Closer inspection of the super-deduction capital allowance, following the Spring Budget announcement, has revealed that leasing and plant hire is excluded from the scheme.
Currently, companies investing in qualifying new plant and machinery can claim a 130% super-deduction capital allowance, or a 50% first-year allowance for qualifying special rate assets. However, the relief can only be claimed by limited companies using a method of finance whereby they obtain outright ownership of the asset at the end.
This means the relief is not available for leasing and short-term hire agreements.
As such, the Finance & Leasing Association (FLA) and the British Vehicle Rental and Leasing Association (BVRLA) have suggested amending the super-deduction to include these agreements. In letters to government ministers, the two trade associations explained:
- Many businesses are unable to afford large capital expenditures following the pandemic. This makes leasing and short-term hire potential alternatives to acquire new equipment;
- These agreements also make good business sense for many organisations who will only use the equipment for limited periods;
- Therefore, including leasing and plant hire in the super-deduction would benefit a broader range of businesses and stimulate growth across all sectors.
Stephen Haddrill (pictured above), director general of the FLA, said: “The government’s decision to restrict the scope of the super deduction amounts to a serious missed opportunity to boost investment. The idea that businesses grow and become more productive by buying plant and machinery outright is outdated.
“Leasing preserves cash in the business and can avoid having expensive equipment that stands idle. 70% of construction plant and machinery is hired in for specific periods for this reason. Government support needs to be designed around the way business is actually done not around the way HMRC still thinks it is done.”
Gerry Keaney, chief executive of the BVRLA, added: “The government understands the important role that the vehicle leasing sector plays in delivering the UK’s road transport de-carbonisation goals. This makes it all the more disappointing that leased vehicles have been omitted from the eligibility criteria of super deduction.
“This is a huge oversight, and an example of where the government has failed to align its fiscal and environmental policies. An increasing number of individuals and businesses are turning to the leasing sector for cleaner vehicles, but the sector has not been immune to the impact of the pandemic.
“With Clean Air Zones popping up around the UK, this is the perfect time to incentivise the uptake of low- and zero-emission vehicles and leasing enables businesses to keep their cash to help get them through the recovery period.
“Making leased vehicles eligible for super-deduction would provide a boost to many businesses and would be a welcome shot in the arm for fleets.”

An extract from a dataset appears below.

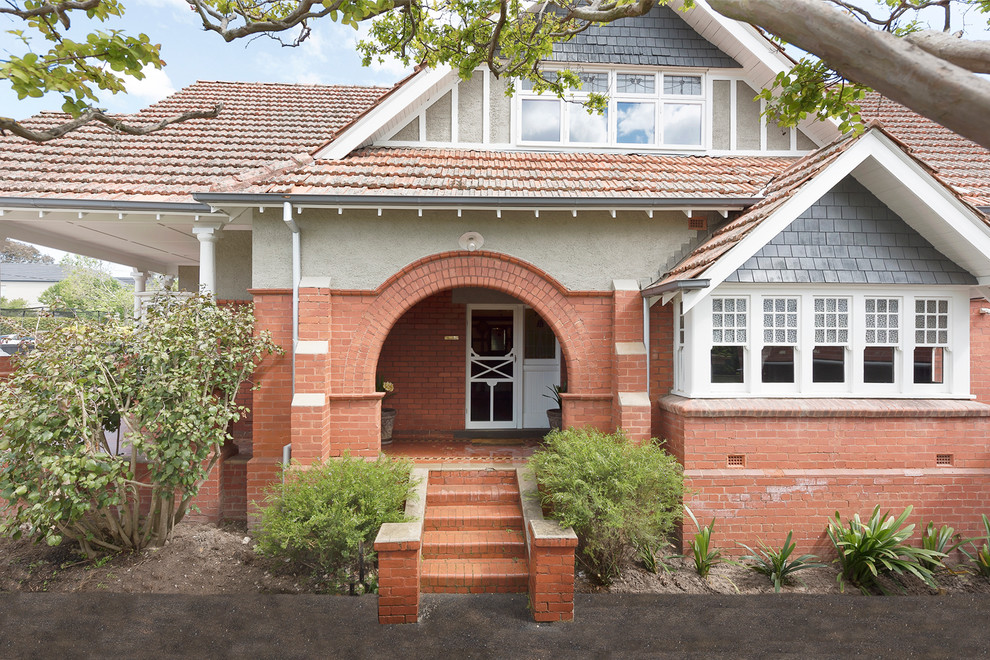 Photo of a large contemporary two-storey brick beige exterior in Melbourne with a gable roof.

A bold investment plan threatened by out-of-date rules
When detailing the plan for a super deduction, the Chancellor explained: “Under the existing rules, a construction firm buying £10 million of new equipment could reduce their taxable income, in the year they invest, by just £2.6 million. With the super deduction, they can now reduce it by £13 million.”
Paul Jennings, managing director of JCB Finance, said: “The problem with the super-deduction is that previous legislation and thinking (tracking back to the 80’s) assumes that tax allowances should be aimed at:
- Providing an incentive for businesses to purchase new plant and machinery and bring those assets into long term productive use in their business and the economy;
- Plant and machinery for leasing are excluded because the company entitled to the allowances is not the company who brings the assets into productive use.
“From this, it’s evident that despite the profound change to the methods of acquiring assets, the legislation hasn’t kept pace. For example, how can this legislation cope with subscription models, outsourcing or even contract hire agreements?
“The problem with the Chancellor’s example is that construction firms do not generally own plant fleets anymore. Instead, they hire in machinery according to their changing needs. It is within the leasing space that productive investment takes place and it is construction firms who put these assets into productive use. Using the existing rules and thinking, means that in most circumstances neither plant hire nor construction firms can use the super-deduction.”
Jennings concluded that this out-of-date thinking should not be allowed to constrain the Chancellor’s initiative. He said: “I hope the genuine case for change is accepted and the super-deduction is allowed to act as the Chancellor’s intended investment incentive for British construction and manufacturing and a wide range of other sectors.”